Christoph Daum ging mit versteinerter Miene den weiten Weg über den Rasen in die Kabine. Im Eingang zum Spielertrakt traf er auf seinen Sohn, sie umfassten sich und Daum weinte. Später sagte er: „Das war die beste Mannschaft meines Lebens.“ Und: „Gebt uns ein bisschen Zeit, das tut weh.“ Währenddessen tröstete Reiner Calmund auf dem Rasen Ulf Kirsten, der sein Gesicht an der Schulter des Geschäftsführers vergrub. Später im Flugzeug schimpfte der Torjäger, was man alles hätte anders machen müssen. Er, 34 Jahren alt, ahnt, dass er die Chance, Meister zu werden, nicht mehr sehr oft haben wird.

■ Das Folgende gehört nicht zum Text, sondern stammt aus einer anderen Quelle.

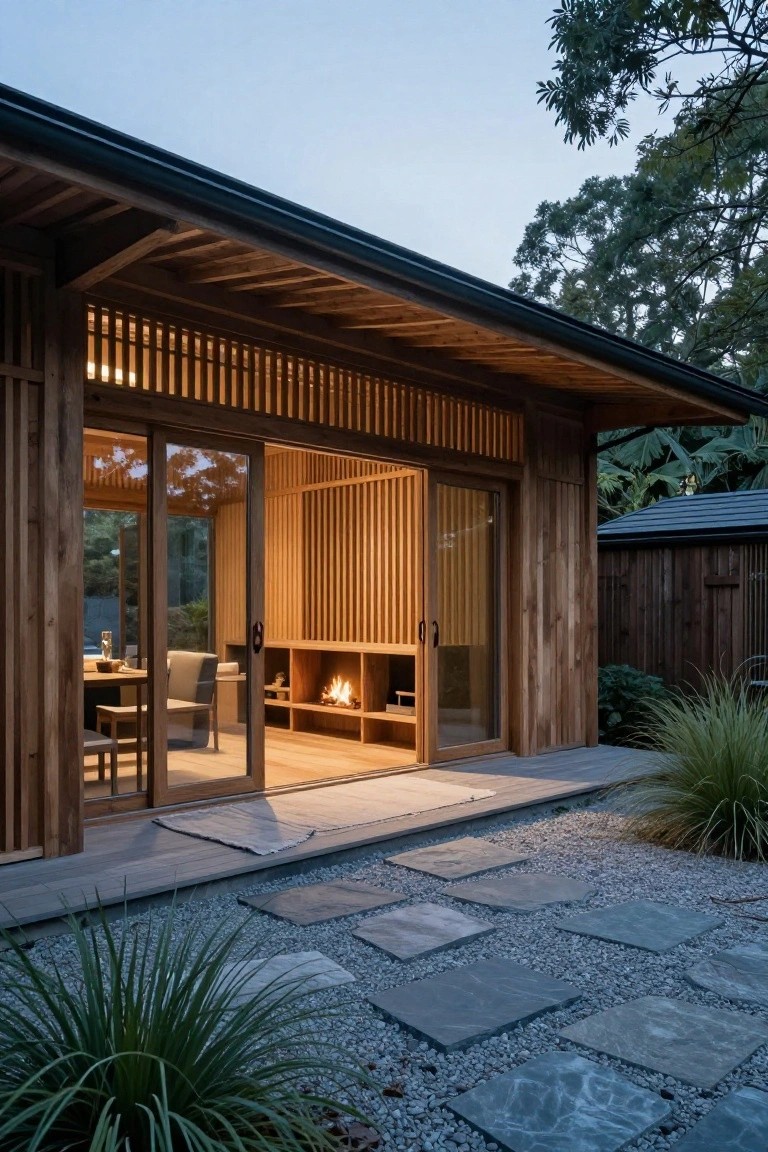 Exterior of a modern wooden house at dusk with large open sliding glass doors revealing an interior space with wooden walls, a fireplace, table, and chairs, adjacent deck leading to gravel path with stone pavers and grasses.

In der nächsten Saison wird Stefan Beinlich fehlen, der nach Berlin geht, und vermutlich auch Emerson, der nach Rom wechseln will. Nowotny versuchte sich dennoch in Zweckoptimismus: „Wir haben noch Chancen, uns zu verbessern, Bayern nicht.“ Auch Daum war bemüht, sich selbst Mut zu machen: „Du kannst hinfallen, du musst nur wieder aufstehen. Und wir stehen wieder auf.“

Zum dritten Mal binnen vier Jahren ist Bayer Leverkusen Vizemeister hinter Bayern München. „Wir werden immer besser, dieses Mal war es ganz knapp“, sagte Nowotny in trotzigem Aufbegehren. Was sie alle vermutlich ahnen und in den nächsten Tagen richtig begreifen werden, ist, dass sie die Niederlage von Unterhaching nicht in einem Spiel wieder gutmachen können. Wenn sie Glück haben und alles perfekt läuft, müssen sie 34-mal die Nerven behalten. Einmal mehr als in dieser Saison. KATRIN WEBER-KLÜVER

SpVgg Unterhaching: Tremmel - Strehmel - Seifert, Grassow - Haber, Matthias Zimmermann, Oberleitner (80. Bucher), Schwarz, Straube - Seitz (90. Garcia), Rraklli (70. Breitenreiter) Bayer Leverkusen: Matysek - Zivkovic (46. Rink), Nowotny, Kovac - Schneider, Emerson, Beinlich, Zé Roberto - Ballack (67. Brdaric) - Neuville (74. Ponte), KirstenZuschauer: 11 500, Tore: 1:0 Ballack (20./Eigentor), 2:0 Oberleitner (72.)